Alle zone rosse locali è seguito il lockdown e misure restrittive sempre più stringenti che tutt’ora siamo chiamati ad osservare. Se prima del COVID19 era quasi normale o comunque socialmente accettato recarsi al lavoro pur avendo sintomi para-influenzali lievi, oggi la situazione è radicalmente cambiata.
Nella situazione di vuoto normativo, alcuni Consigli dell’Ordine degli Avvocati hanno condiviso, con Tribunali e Procure, un vero e proprio protocollo ed un fac-simile di Dichiarazione Sostitutiva di Atto Notorio (DSAN) attestante l’impedimento del difensore nel processo penale, al fine di supportare l’istanza di rinvio dell’udienza per improvvisi sintomi compatibili con il contagio da COVID19, e rispetto ai quali vi sono raccomandazioni da parte delle Autorità Sanitarie a contattare il medico e ad evitare di uscire di casa, o per uno degli altri casi precisati sul modello stesso. Ovviamente, va da sé che in caso di quarantena obbligatoria a seguito di tampone positivo il legittimo impedimento è giustificato.

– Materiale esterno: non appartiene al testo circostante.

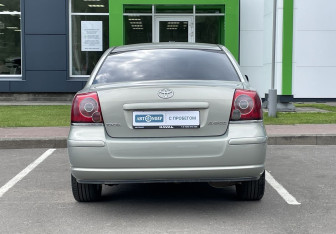 Подержанный автомобиль Toyota Avensis Sedan 2006 года (6 фото)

Nell’ambito di alcuni fori, Consigli e magistrati si sono premurati di affrontare, in sinergia, le ipotesi non documentabili nel minor tempo possibile per evitare di causare disagio alle controparti processuali.
I Tribunali aderenti, tra cui quello di Verona, hanno ritenuto di concedere un differimento di cortesia, a prescrizione sospesa per l’intera durata dello stesso, agli avvocati che facciano richiesta di rinvio dell’udienza con le modalità indicate per comparsa di sintomi riconducibili al coronavirus, poiché la mancanza di documentazione sanitaria non consente di applicare il regime di sospensione della prescrizione proprio del legittimo impedimento.

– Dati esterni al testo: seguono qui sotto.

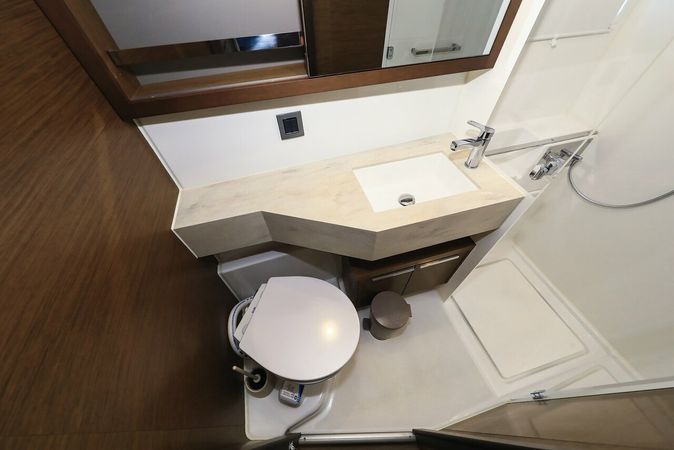 Lagoon 46 | Midlife Crisis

Da nord a sud l’impedimento appare diversamente legittimo, tra certificati medici, età avanzata del difensore, residenza in zona rossa e sintomi da COVID19 non documentabili.
Ci si rimette, quindi, al buon senso dei magistrati che vogliano assicurare il rispetto dei severi protocolli di contrasto al coronavirus e, al contempo, ridurre al minimo le lungaggini dei processi dovute spesso a rinvii più o meno pretenziosi.